The line containing "Bright spa manicure" marks the end; write out exactly every line from the start of the data up to and including it, without the pictures.

Segment Open

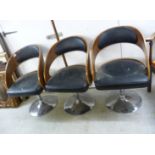 A set of three 'vintage' design salon chairs,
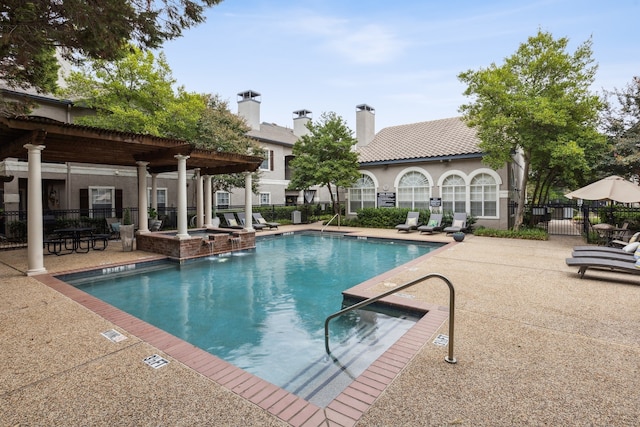 pool featuring a patio, fence, and a pergola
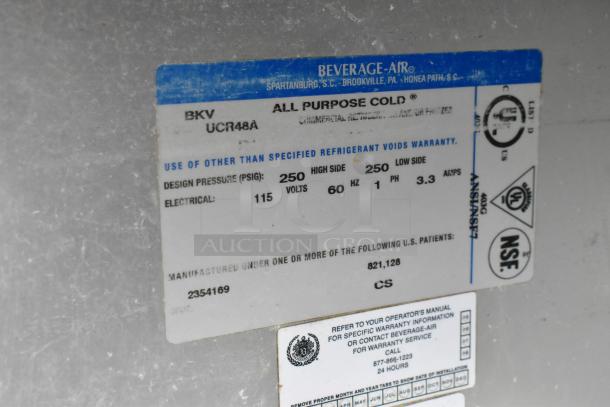 Beverage Air UCR48A stainless steel undercounter cooler, 2 doors, on casters, 115V, 1 phase; label with specs visible.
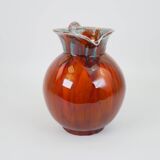 Large red and blue glazed ceramic pitcher signed Delène under the base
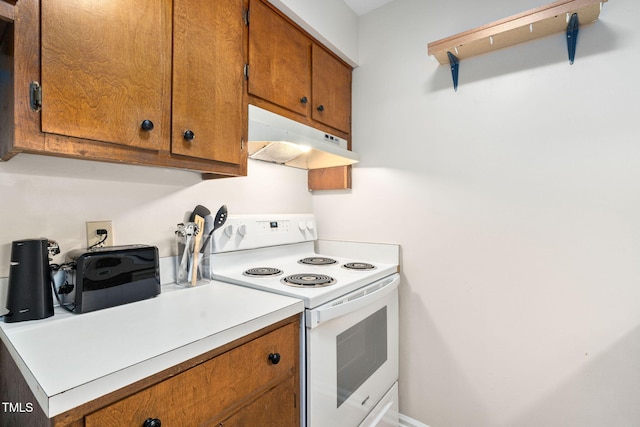 4316 American Dr, Durham, NC 27705 - kitchen with white electric range, under cabinet range hood, brown cabinetry, and light countertops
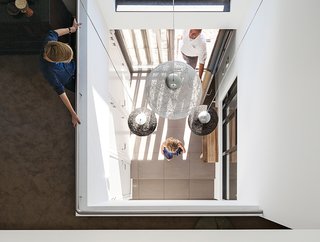 Inside, just off the entrance, pendant lights from Woonfabriek hang in the triple-height central hall.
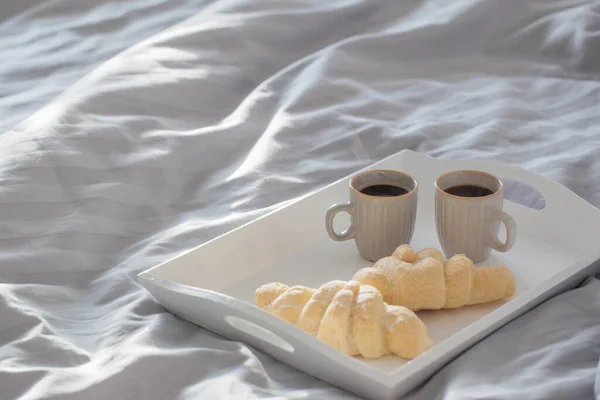 Zwei Croissants Und Zwei Tassen Kaffee Auf Dem Bett — Stockfoto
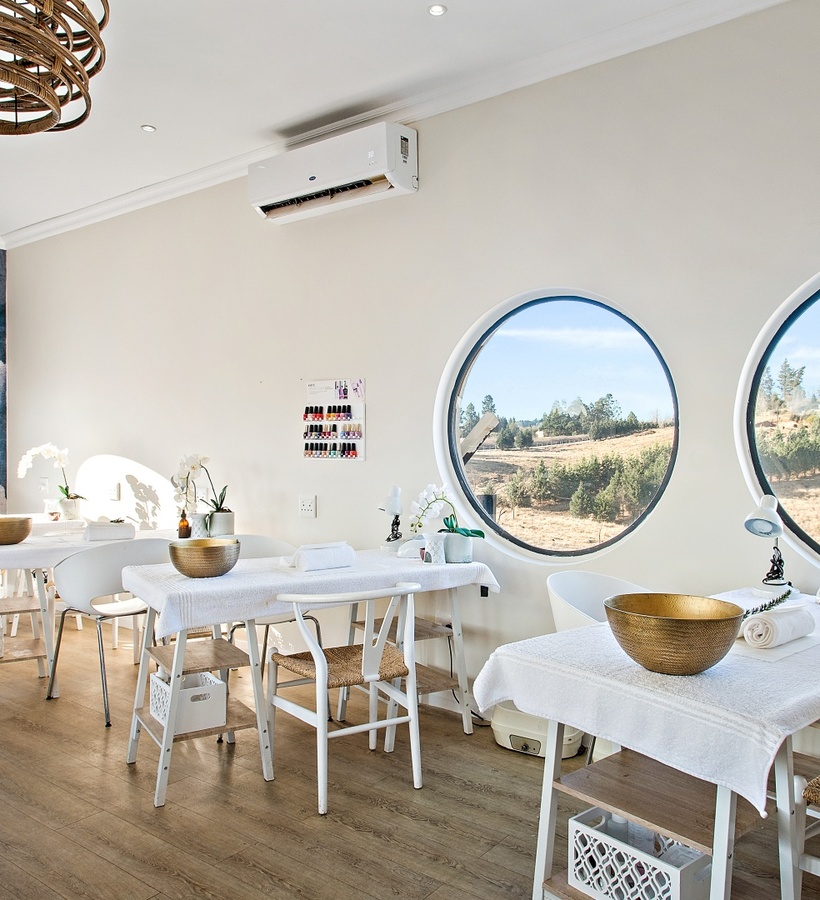 Bright spa manicure room with white treatment tables, gold bowls, orchids, rattan pendant lights and round windows framing rolling countryside views.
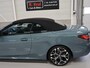 BMW 4-Serie Cabrio 420i High Executive M-Sport Sportstoelen Camera Curved dash Navigatie Airco-ecc 19 inch Sportvelgen App connect Cape York Green metallic Zwart sportleer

Segment Closed

- _Response box_
 A set of three 'vintage' design salon chairs,
 pool featuring a patio, fence, and a pergola
 Beverage Air UCR48A stainless steel undercounter cooler, 2 doors, on casters, 115V, 1 phase; label with specs visible.
 Large red and blue glazed ceramic pitcher signed Delène under the base
 4316 American Dr, Durham, NC 27705 - kitchen with white electric range, under cabinet range hood, brown cabinetry, and light countertops
 Inside, just off the entrance, pendant lights from Woonfabriek hang in the triple-height central hall.
 Zwei Croissants Und Zwei Tassen Kaffee Auf Dem Bett — Stockfoto
 Bright spa manicure room with white treatment tables, gold bowls, orchids, rattan pendant lights and round windows framing rolling countryside views.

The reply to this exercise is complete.